== TASK DIRECTIONS ==
The required answer is an exact copy of the records below, without pictures.

Stored records

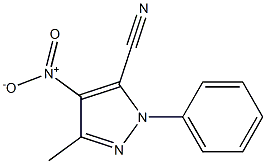 3-methyl-4-nitro-1-phenyl-1H-pyrazole-5-carbonitrile Struktur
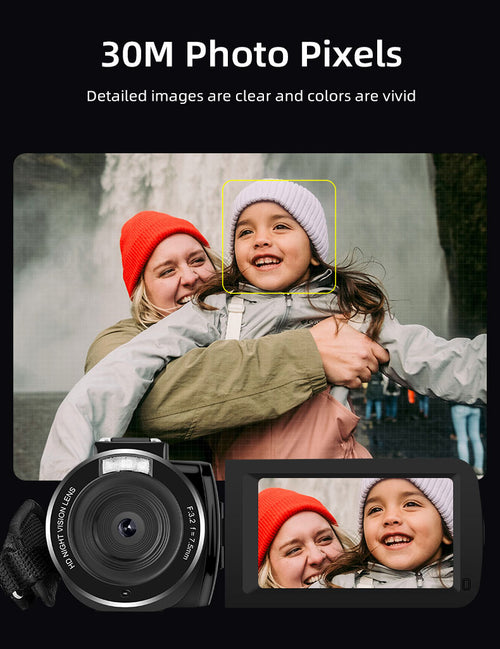 ORDRO B320 18X Digital Zoom Camcorder Infrared Night Vision Video  Camera  Recorder - Buyme24seven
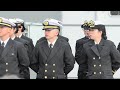 FY2025 Training Squadron Return Ceremony: Chief of Staff's Address | 令和7年度 練習艦隊帰国行事 幕僚長慰労の辞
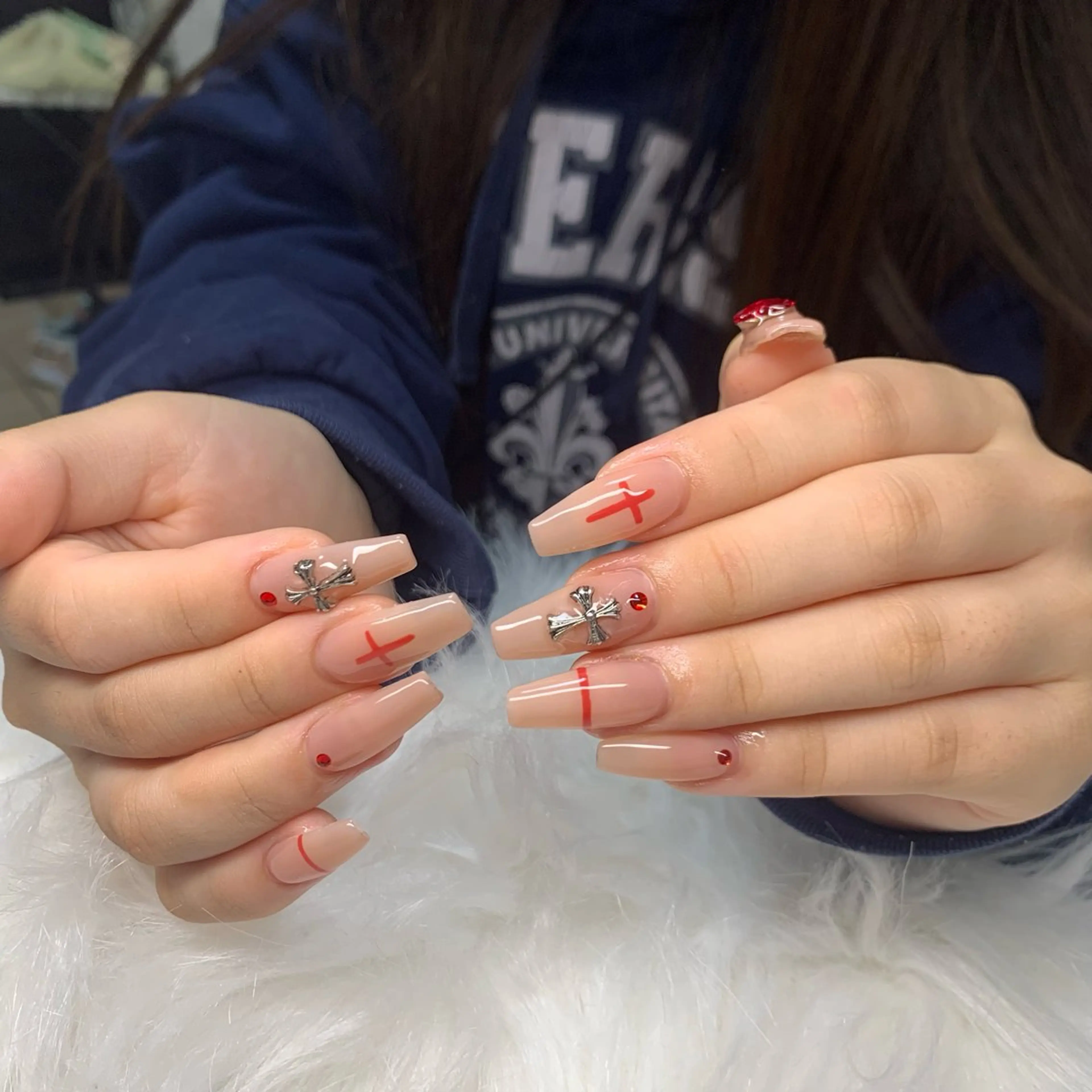 ネイル 長さ出し ネイルチップ Lily nails studio所属・Lily nails studioのネイルデザイン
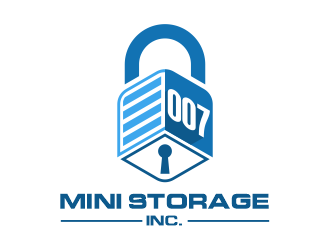 007 Mini Storage Inc. logo design by zonpipo1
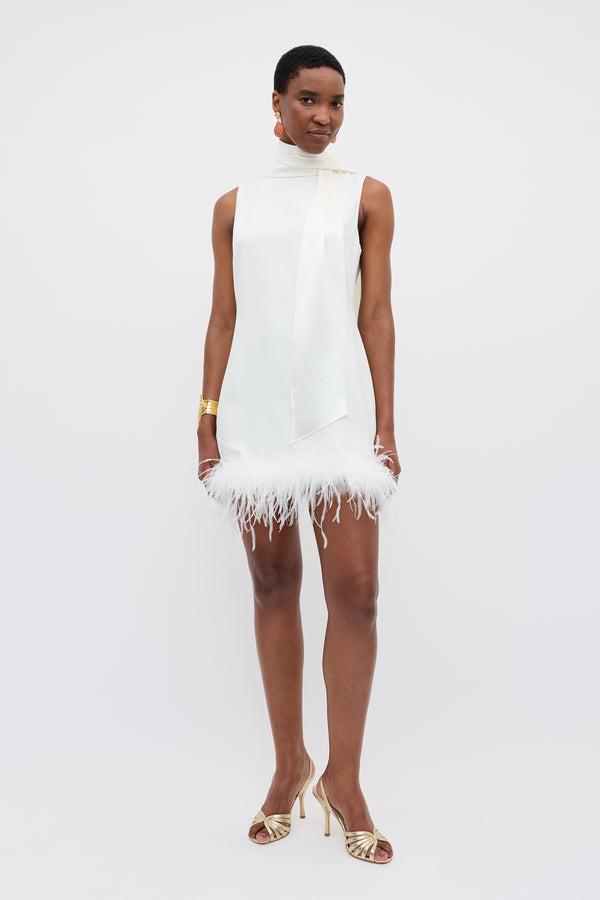 Rixo Hermione Silk Scarf Satin Back Silk Crepe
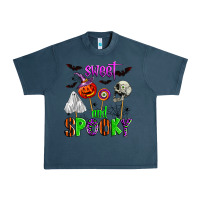 Midnight Navy sweet and spooky Urban Heavy Tee - Zillion Design Studio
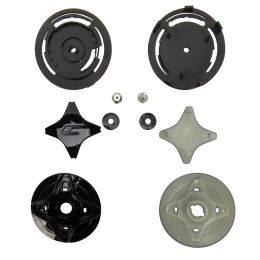 Kit Fissaggio Visiera Nero per Casco Jet CGM 169 ILLI
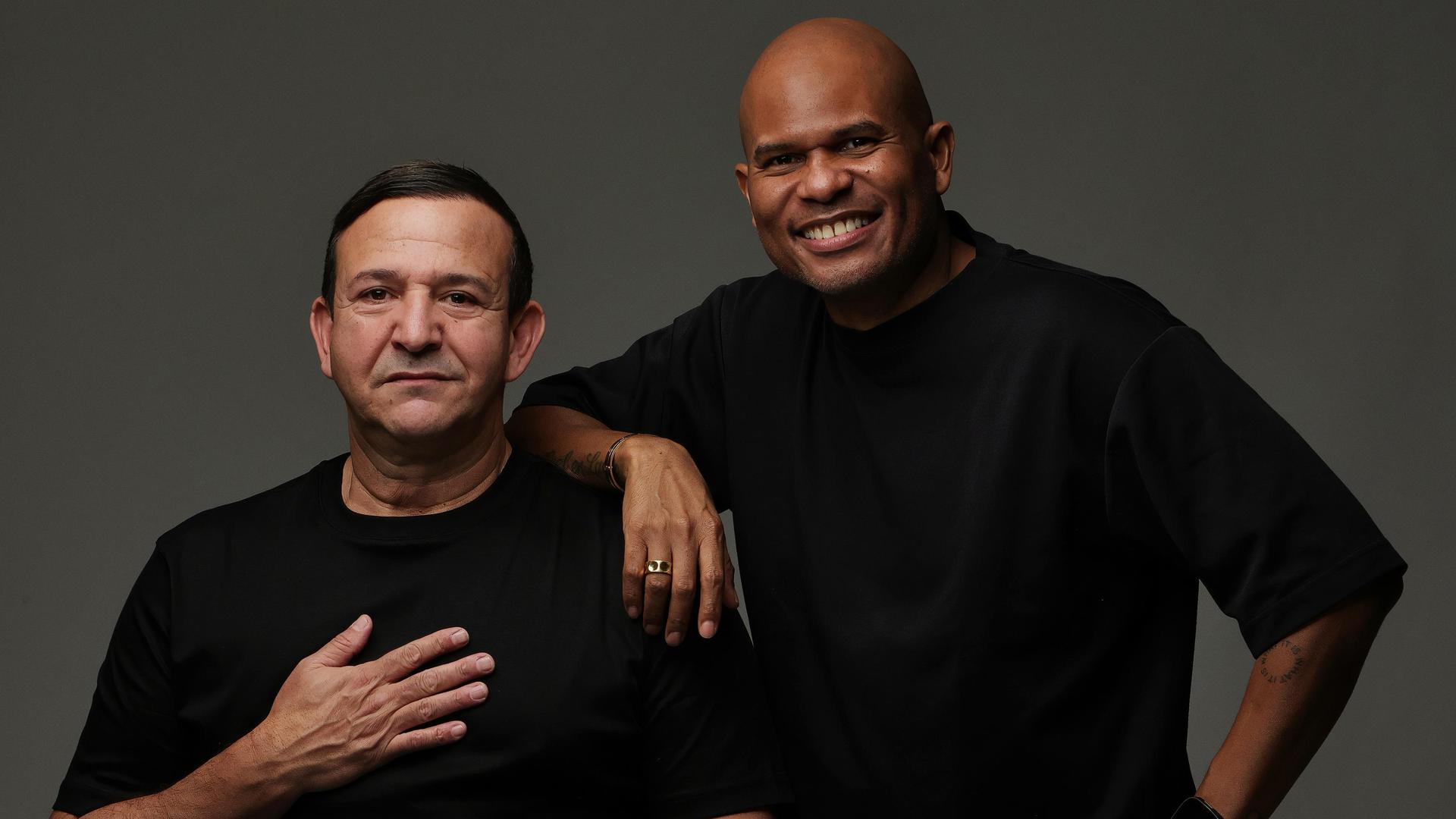 Najib & Roué, Promotiefoto Najib Amhali & Roué Verveer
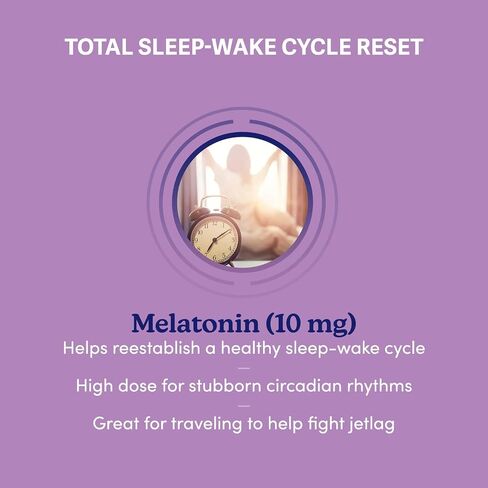 Swanson WIO™ Complete Sleep Makeover™ for Better Sleep, Relax, Relaxation, Extra Strength Circadian Sleep Cycle Support, Melatonin 10 mg, Mental Wellness - 4 oz Bottle, 30 Capsules (30-Day Supply) in Saudi Arabia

== ANSWER TO THIS EXERCISE ==
 3-methyl-4-nitro-1-phenyl-1H-pyrazole-5-carbonitrile Struktur
 ORDRO B320 18X Digital Zoom Camcorder Infrared Night Vision Video  Camera  Recorder - Buyme24seven
 FY2025 Training Squadron Return Ceremony: Chief of Staff's Address | 令和7年度 練習艦隊帰国行事 幕僚長慰労の辞
 ネイル 長さ出し ネイルチップ Lily nails studio所属・Lily nails studioのネイルデザイン
 007 Mini Storage Inc. logo design by zonpipo1
 Rixo Hermione Silk Scarf Satin Back Silk Crepe
 Midnight Navy sweet and spooky Urban Heavy Tee - Zillion Design Studio
 Kit Fissaggio Visiera Nero per Casco Jet CGM 169 ILLI
 Najib & Roué, Promotiefoto Najib Amhali & Roué Verveer
 Swanson WIO™ Complete Sleep Makeover™ for Better Sleep, Relax, Relaxation, Extra Strength Circadian Sleep Cycle Support, Melatonin 10 mg, Mental Wellness - 4 oz Bottle, 30 Capsules (30-Day Supply) in Saudi Arabia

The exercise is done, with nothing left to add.